その際、自身が創業した韓国最大のコンピュータセキュリティ企業「アンラボ(Ahnlab)」の株式(1700億ウォン規模)問題が浮上する見通しだ。ユン氏がアン委員長を首相に指名するためには、株式売却あるいは白紙委任信託の決定が先行しなければならないためだ。アン氏は過去にもアンラボの株式を巡る政治的議論に巻き込まれたが、白紙委任信託にされたことはない。
アン委員長は前日の記者会見で、首相候補に取り上げられていることについて「今、頭の中には、自分の仕事に集中しよう、という考えしかない。国政課題全般についてきちんと把握し、それに対する重要な下絵を描く作業なので、目をそらして他に考えることはできない」と一蹴した。
アン氏が首相候補になるには、まずアンラボ株式問題を解決しなければならない。
アン委員長は186万株を保有する筆頭株主。持ち株は14日の終値(9万1400ウォン)基準で1700億400万ウォンに達する。該当株式を処分したり白紙信託したりしなければ、首相候補になるのは不可能だ。
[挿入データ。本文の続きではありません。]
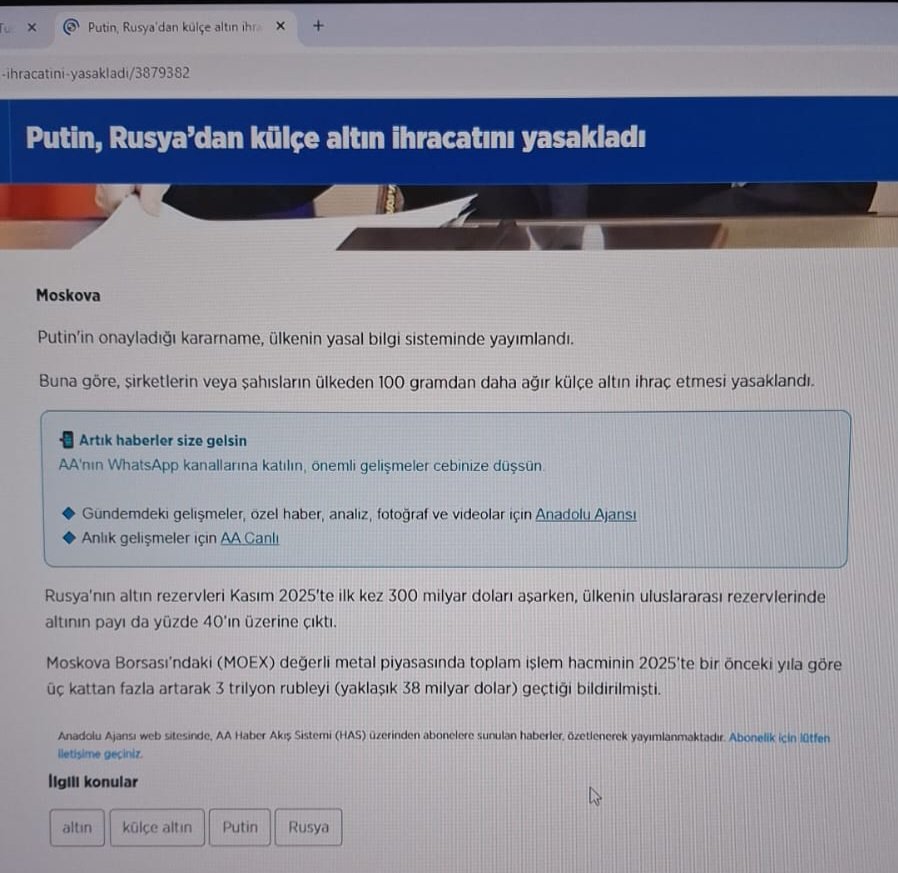 kemalist1923🇹🇷 tweet media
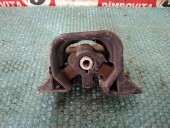 SUPORT / TAMPON MOTOR OPEL CORSA C OEM: 9227879.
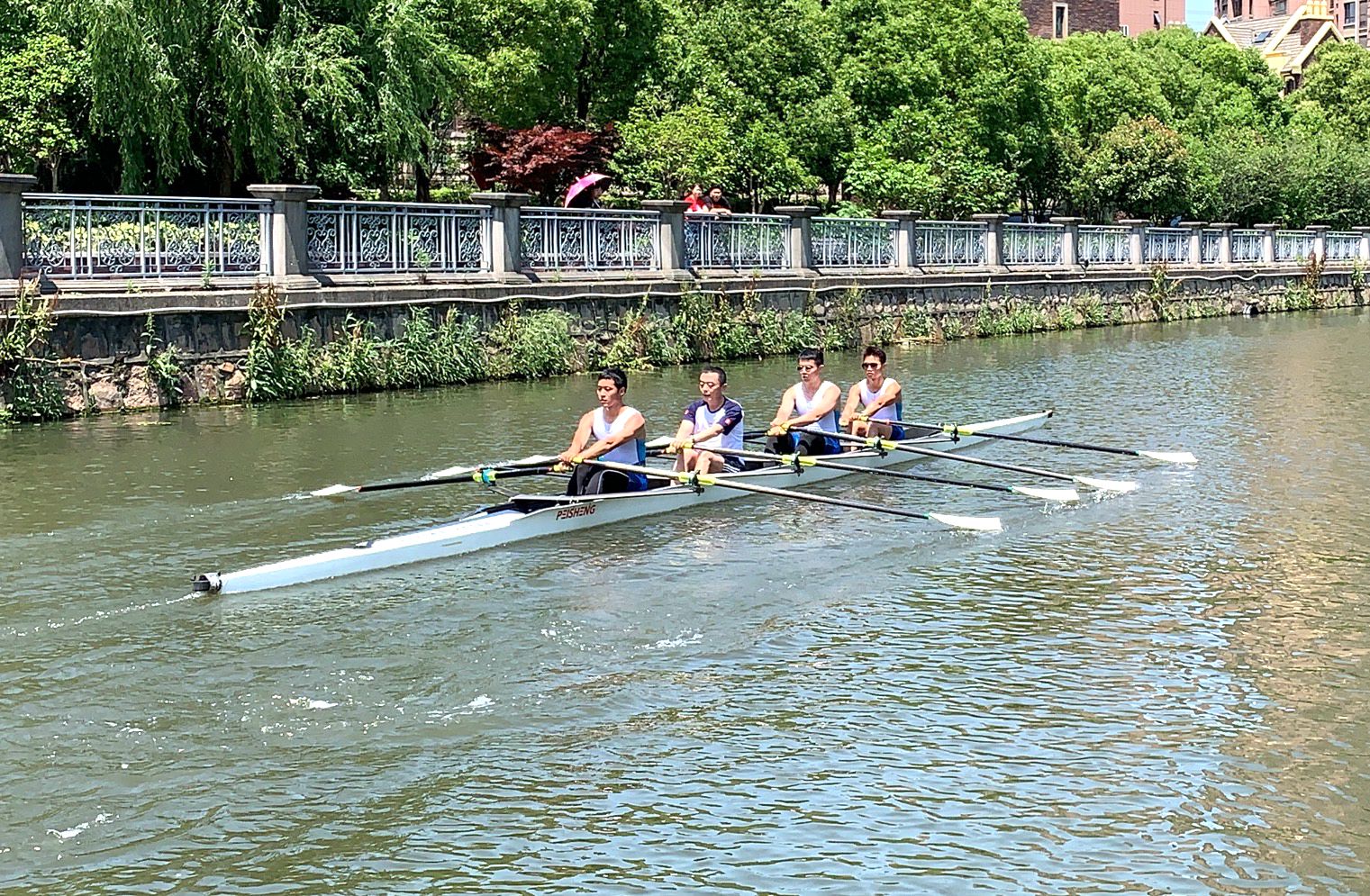 首页-MG视讯厅真人官方网站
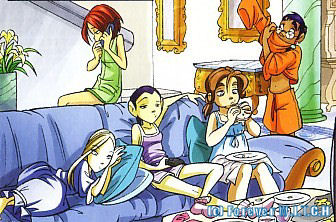 grp%20pyjama%20party1.jpg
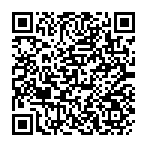 www.house-info.idv.tw房屋網-烏來公寓,烏來公寓出售,烏來公寓買賣-QRCode
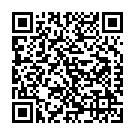Código QR con el enlace al titular Detenido en Ponferrada al presunto autor de varios robos con fuerza cometidos en Astorga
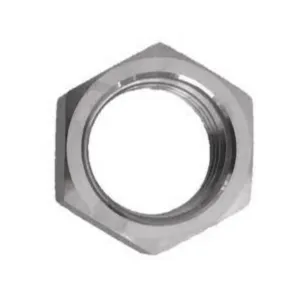 Product image for 4H230C-NUT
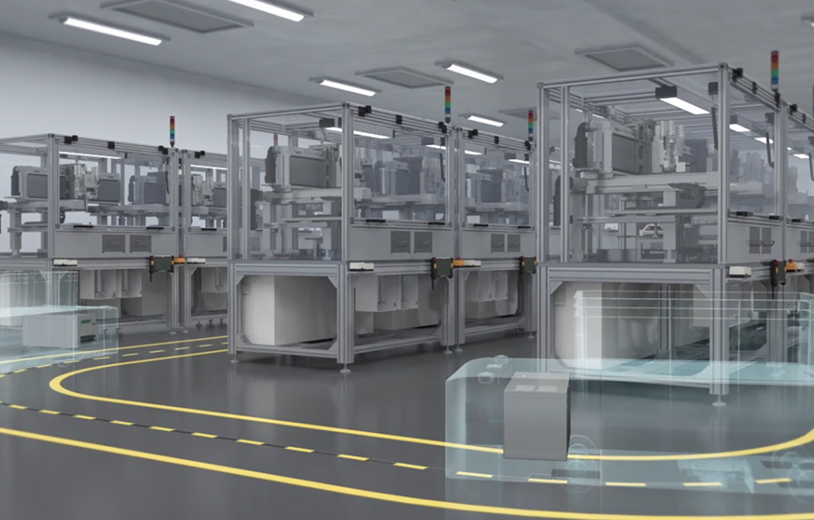 人生就是博·(中国区)官方网站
政界関係者は「アン氏が首相候補になるためにはアンラボ株を処分するという意志を明らかにしなければならない。株式売却なしには大臣選任も不可能というのが現実」と述べた。
アンラボの株価は大統領選挙後高止まりしている。選挙翌日の10日は4.24%上がり、11日は17.21%高騰した。前日も5.66%上昇し、1株当たり9万ウォンを突破した。15日午後2時現在、株価は9万1500ウォンと横ばいの状態だ。